YOUR ASSIGNMENT → Copy the data verbatim and leave out every picture.

● ● ●

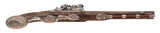 "Magnificent Cased Set of Flintlock Pistols by Boutet Presented from Napoleon (AH9043) " - 15 of 24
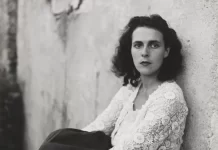Leonora Carrington y su acústica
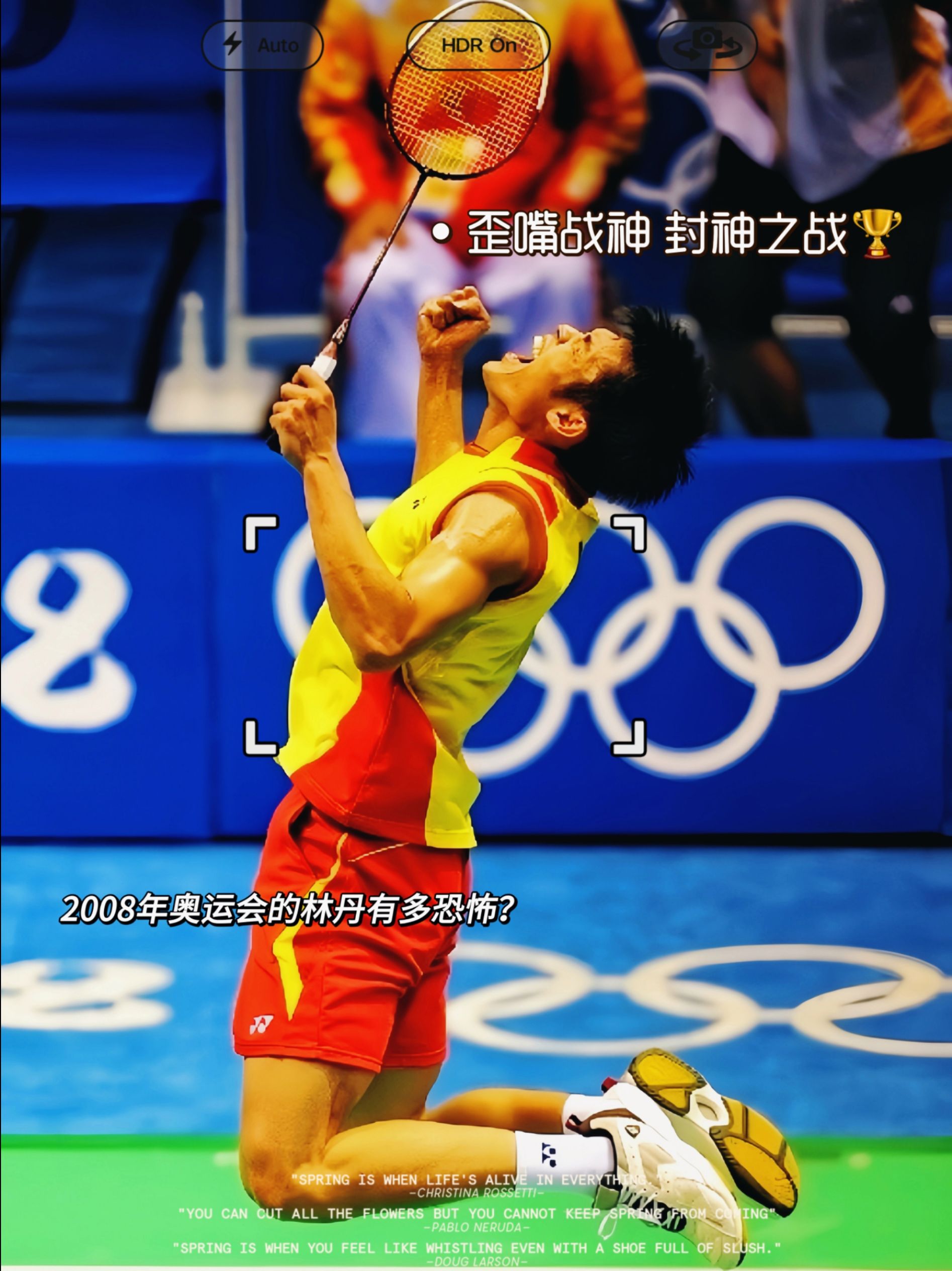 法国羽毛球队力克英格兰羽毛球队，林丹关键制胜的简单介绍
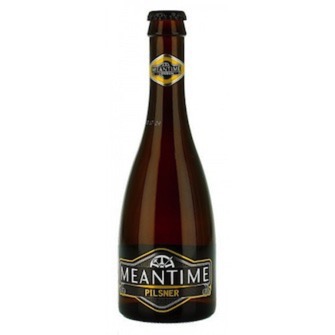 MEANTIME PILSNER-500x500
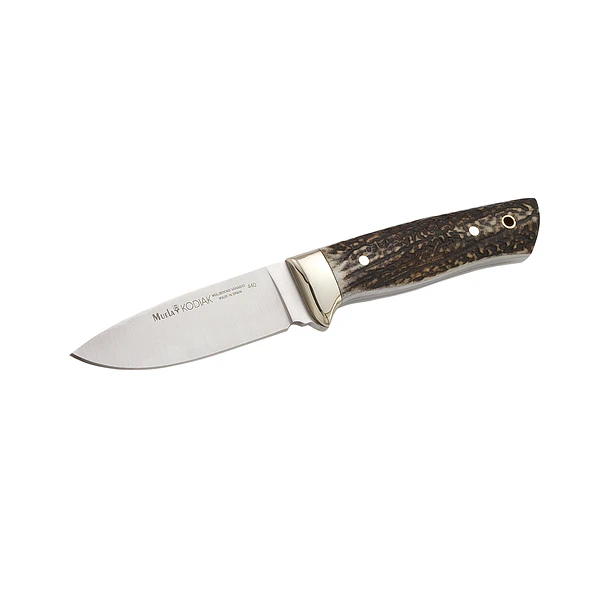 CUCHILLO MUELA KODIAK 10A 3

● ● ●

EXPECTED OUTPUT →
 "Magnificent Cased Set of Flintlock Pistols by Boutet Presented from Napoleon (AH9043) " - 15 of 24
Leonora Carrington y su acústica
 法国羽毛球队力克英格兰羽毛球队，林丹关键制胜的简单介绍
 MEANTIME PILSNER-500x500
 CUCHILLO MUELA KODIAK 10A 3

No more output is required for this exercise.